As an aside, only one of the members of the actual band, Huey Long (no relation), lived to see any of this revived popularity, dying in 2009 at the ripe old age of 105.

The Ink Spots give us examples of the following:

  • Large and in Charge: Bill Kenny, the band's lead singer, had to be at least 6'6" and dwarfed the rest of the group who barely even came up to his shoulder.
  • "Mister Sandman" Sequence: Nothing says pre-Kennedy administration like I - #idim - ii7 - V7.
  • Must Have Caffeine: The aptly titled "Java Jive". Appropriately, it's slightly faster paced than most of their songs.
  • Shout-Out:
    • Magical Maestro: After the singer's face is sprayed with ink, causing an unfortunate Black Face gag, he starts singing in the voice of The Ink Spots, referencing the fact his own face is now full of ink.
    • The original trailer for Blade Runner featured prominent use of "If I Didn't Care". The song quite blatantly clashes with the imagery.
    • Manhattan: "I Don't Want to Set the World on Fire'' plays during Charlie's atomic nightmare sequence.
    • The Simpsons: The Treehouse Of Horror XVII episode has Kang and Kodos invade Earth in the third segment The Day the Earth Looked Stupid.
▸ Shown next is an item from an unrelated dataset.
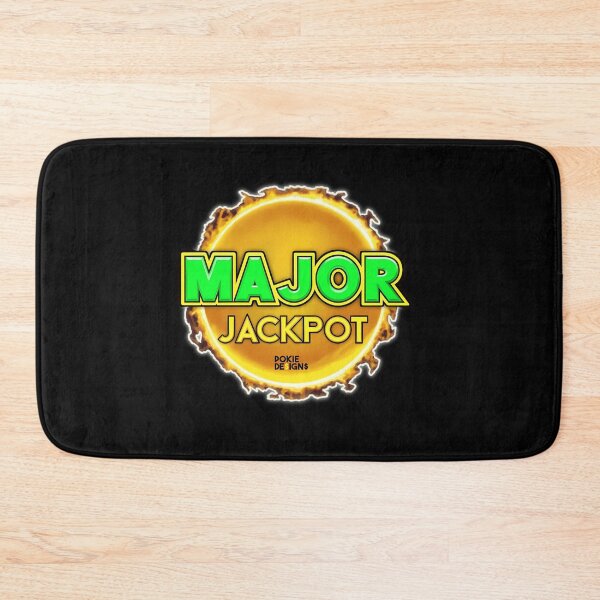 Item preview,  Major Jackpot Design - Pokie Designs designed and sold by Focal-design.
Jumping forward to three years later, Springfield is in ruins and the aliens wonder why they were not greeted as liberators, as they planned the invasion to rid Earth of "weapons of mass disintegration" which they refer to as "Operation Enduring Occupation" (in a clear reference to the war on Iraq). The segment ends with the camera pulling away from the smoking ruins of what was once Springfield, as "I Don't Want to Set the World on Fire" plays.
    • "Maybe" was used in Fallout. It begins with a close-up on a TV flashing classic 1950s images and icons, while "Maybe" plays. Slowly, the "camera" pulls out to reveal the TV set is in the midst of a landscape utterly devastated by warfare.
    • To make it worse, "Maybe" is played again in the ending. Y'know, as the hero is exiled from his home, and marches depressingly into the wastes. Alone.
    • The Walking Dead: The cold open to "The Grove", with "Maybe" playing on the soundtrack, is very much in the style of the original Fallout, going from a wholesome kitchen setting to reminding that there's a zombie apocalypse underway. You almost expect Ron Perlman to narrate how war never changes when the opening credits roll.
    • Fallout 3: The most famous of these by far. The camera focuses on a radio in a bus, as "I Don't Want to Set the World on Fire" cues up. It pulls back to reveal that the bus is a ruin, with debris scattered everywhere, and pulls further back to reveal that it's in the middle of a burned-out wasteland. Finally the song cuts out as a Scare Chord sounds to announce the arrival of a Brotherhood of Steel soldier in full Power Armor.
      • Worthy of note: Black Isle wanted "I Don't Want to Set the World on Fire" for the original game's opening, but couldn't get the rights, which is why they used "Maybe".
    • Fallout 4: "It's All Over But the Crying" is used for the first half of the first trailer, following a dog investigating a bombed-out house, the image overlapping (through static) to scenes with the family that lived there Just Before the End.
    • "I Don't Want to Set the World on Fire" was used as the credits theme for the animated short "Logorama".
  • Set the World on Fire: "I Don't Want to Set the World on Fire"
  • Soundtrack Dissonance: One of the strongest contenders for Most Triumphant Example since anime fans learned to associate Ray Charles with collapsing skyscrapers. The video games that Ink Spots songs appear in tend to be very violent, often to the point of absurdity, as well as very cynical about the culture of the era they portray and are bound and determined to milk Bill Kenny's dulcet tones for all the irony they're worth.
  • Spoken Word in Music: Every one of their songs has a monologue in deep bass tones.